Market Structure Flashcards
Barriers to Entry
Factors which make it difficult or impossible for firms to enter an industry and compete with existing producers.
Market structure
The characteristics of a market which determine the behaviour of the firms within the market.
Barriers to Exit
Factors which make it difficult or impossible for firms to cease production and leave an industry.
Brand
A name, design, symbol or other feature that distinguishes a product from other similar products and which makes it non- homogenous good.
Concentration Ratio
The market share of the largest firms in industry.
Market concentration
The degree to which the output of an industry is dominated by its largest producers.
Market Share
The proportion of sales in a market taken by a firm it a group of firms.
Homogenous goods
Goods made by different firms that are identical.
Non- homogenous goods
Goods made by different firms which are similar but not identical e.g. branded goods.
Perfect Knowledge
When all buyers in a market are fully informed of prices and quantities for sale, whilst producers have equal access for production techniques.
Perfect Competition
A market structure where there are many buyers and sellers, where there is freedom of entry and exit to the market, where there is perfect knowledge and where all firms produce a homogenous product.
Price Taker
A firm which has no control over the market price and has to accept the market price if it wants to sell its product.
Break- even
The levels of output where total revenue equals total cost.
Shut down point
When a firm is indifferent between continuing operations and shutting down temporarily, as it is producing at a level where the revenue its earning is just enough to cover its variable costs.
Monopoly
A market structure where one firm supplies all output in the industry without facing competition because of high barriers to entry in the industry.
Price discrimination
Charging a different price for the same good or service in different markets.
Product differentiation
When a business seeks to distinguish what was essentially the same products from one another by real or illusory means.
Monopolistic Competition
A market structure where a large number of small firms produces non- homogenous products and where there are no barriers to entry or exit.
Monopsony
When there is only one buyer in the market.
Oligopoly
A market dominated by a few large suppliers.

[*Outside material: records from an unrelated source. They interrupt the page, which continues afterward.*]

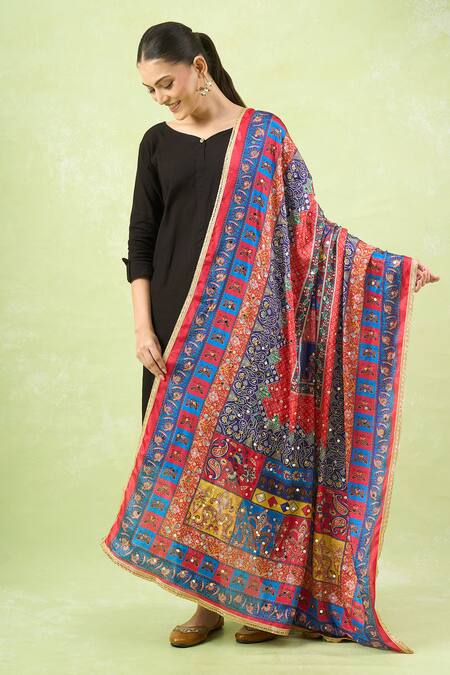 Naintara Bajaj_Multi Color Mirrors Ethnic Printed Work Dupatta _at_Aza_Fashions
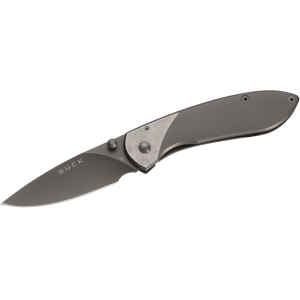 Buck Knives 327 Nobleman Pocket Knife 2.625" Drop Point 7Cr17MoV Stainless Titanium Blade Stainless Steel Handle Black - Buck Knives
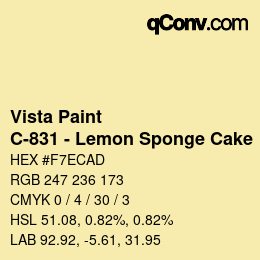 Color code: Vista Paint - C-831 - Lemon Sponge Cake | qconv.com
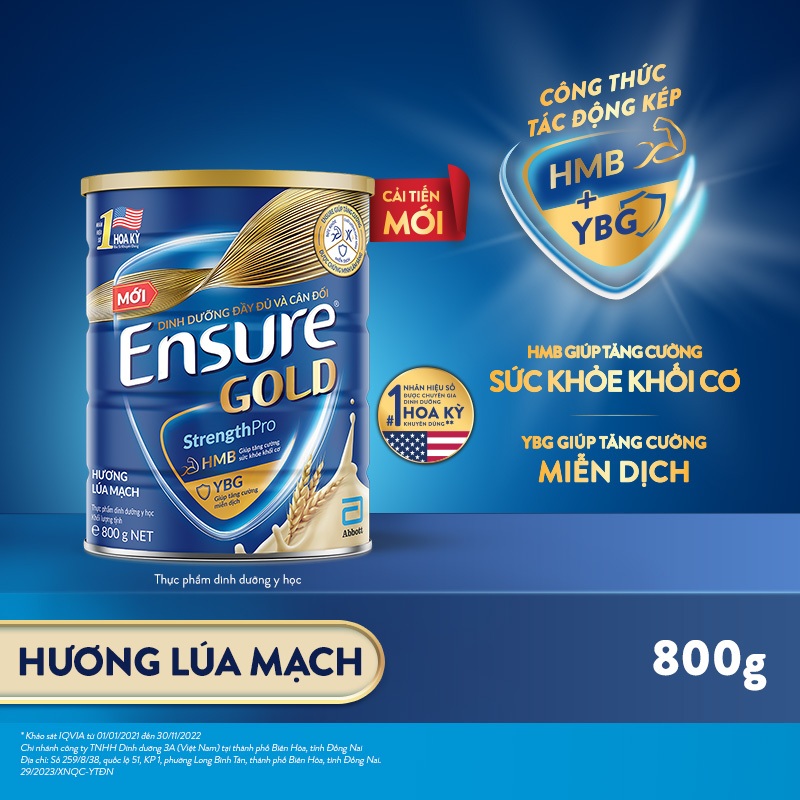 Sữa bột Ensure Gold Abbott hương lúa mạch 800g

The degree of market concentration is high with typically the leading five firms taking over 60% of total market sales. They can be collusive or non- collusive, and there is normally a great deal of interdependence between firms.
Interdependence
When the actions of one firm has an effect on its competitors in the market. Interdependence is a common feature of an oligopoly.
Formal collusion
When firms make agreements between themselves to restrict competition, typically by reducing output, fixing prices at a high level and keeping potential competition out of the market.